#### Exercise
Where the listing shows an image, skip it and output all other material unchanged.

#### The data
++++

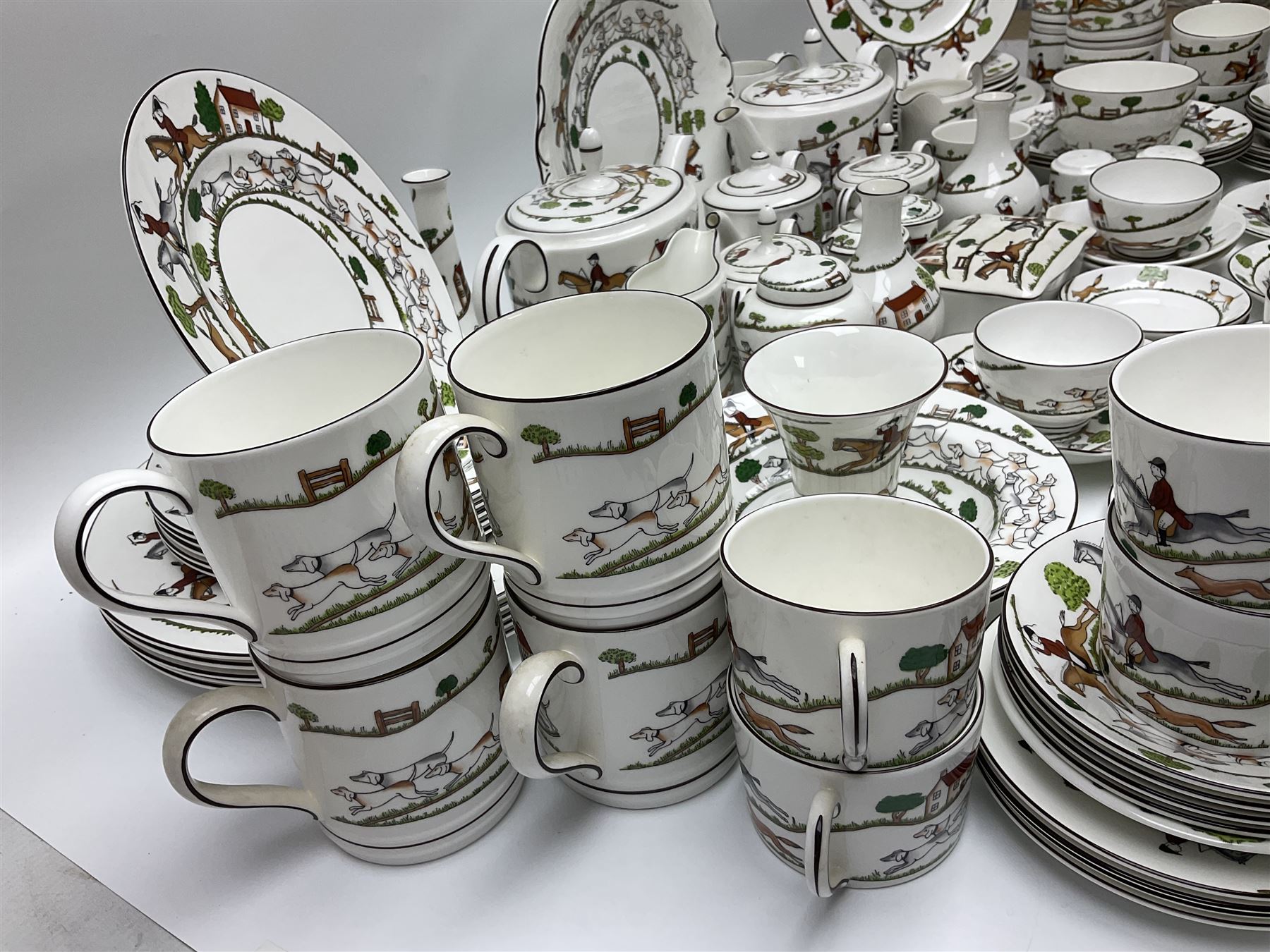 Wedgwood Hunting Scenes dinner and tea service for ten, to include dinner plates, side plates, dessert plates, cups and saucers, mugs, two large teapots, two milk jugs, etc, together with matching items by coalport and Staffordshire (94)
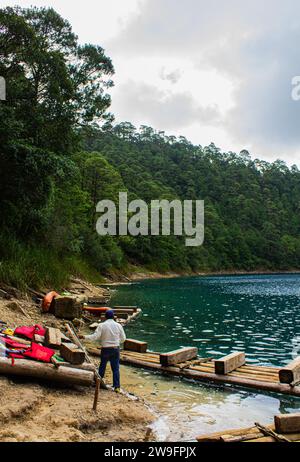 Ruhe am See: Vertikale Aufnahme des hölzernen Piers auf dem Chiapas See, azurblaue Gewässer, umgebender Wald, bedeckter Tag. Montebello's Lake. Stockfoto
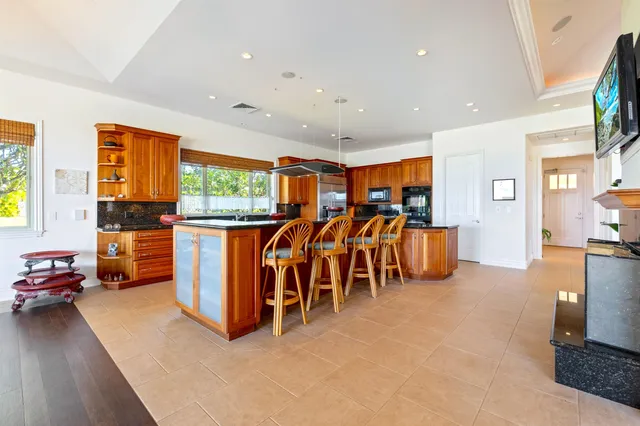 a living room with furniture a flat screen tv and next to a window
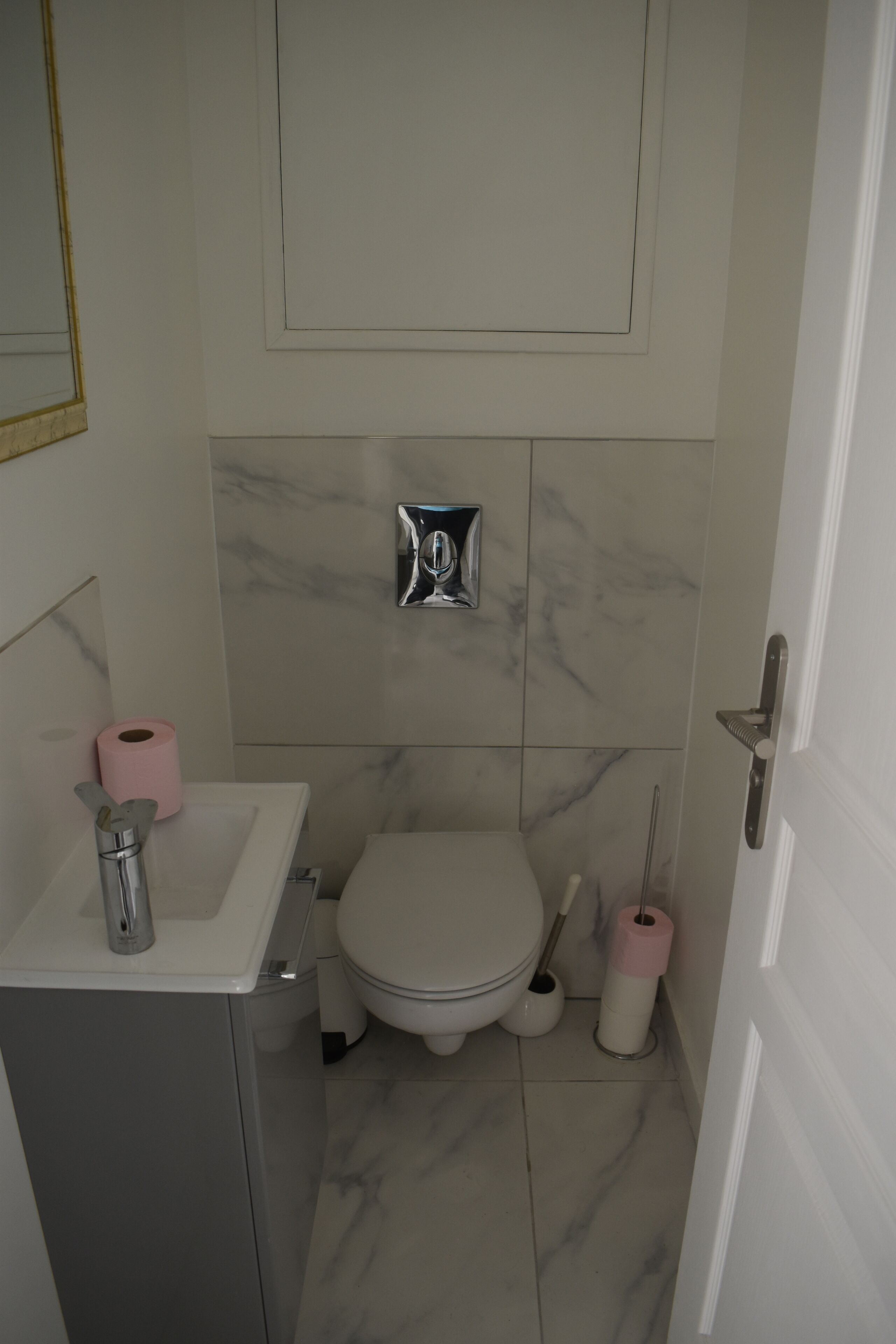 A compact bathroom with a white sink, a toilet, and a shower area.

++++

#### Response area
 Wedgwood Hunting Scenes dinner and tea service for ten, to include dinner plates, side plates, dessert plates, cups and saucers, mugs, two large teapots, two milk jugs, etc, together with matching items by coalport and Staffordshire (94)
 Ruhe am See: Vertikale Aufnahme des hölzernen Piers auf dem Chiapas See, azurblaue Gewässer, umgebender Wald, bedeckter Tag. Montebello's Lake. Stockfoto
 a living room with furniture a flat screen tv and next to a window
 A compact bathroom with a white sink, a toilet, and a shower area.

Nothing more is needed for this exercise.